The issuance and sale are expected to close on October 8.
The initial conversion rate is 17.4825 shares per $1,000, equal to a conversion price of $57.20 per share, a 30% premium over the $44.00 price in the concurrent delta equity offering. The notes will be redeemable from October 2028.
The subsidiary plans to use proceeds to repay $354 million in debt, purchase about 80 MW of new turbine capacity, and fund growth investments in additional power generation equipment.
The company granted underwriters an option to buy an additional $97.5 million of notes to cover over-allotments.
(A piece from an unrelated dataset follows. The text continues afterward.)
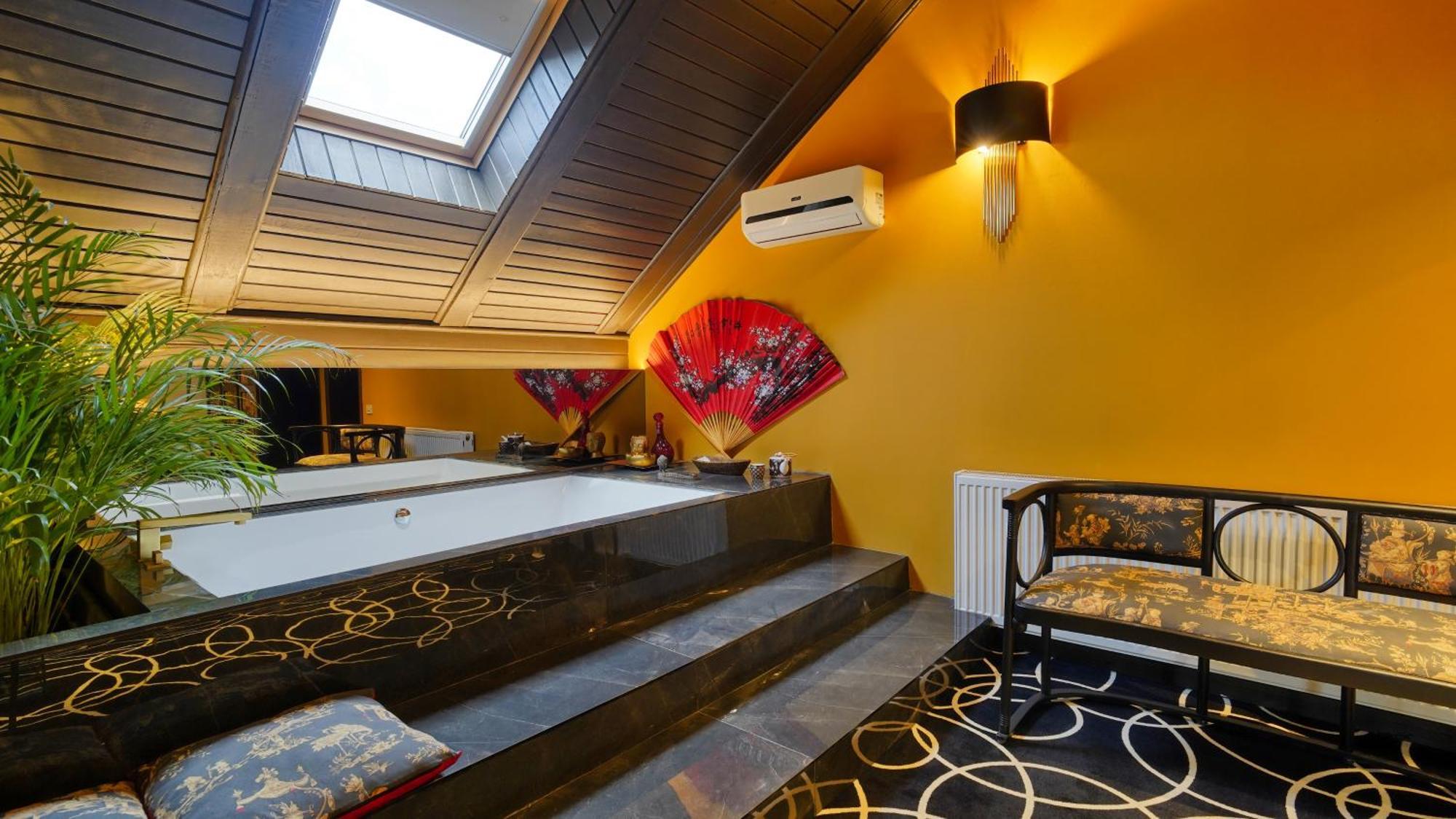 Relax In Style Boutique Hotel (Adults Only) Брашов Екстер'єр фото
Net proceeds are estimated at $634.4 million, or $729.7 million if the option is fully exercised.
About $57 million of proceeds will fund capped call transactions, with the remainder used to buy a subordinated convertible note from the company.
The company said that the notes will bear interest at 0.25% per annum, payable semi-annually, and mature on October 1, 2031.
Capped call transactions set a $88.00 cap price to reduce potential dilution upon conversion.
In the pre-market trading, Solaris Energy Infrastructure is 5.50% lesser at $44.18 on the New York Stock Exchange.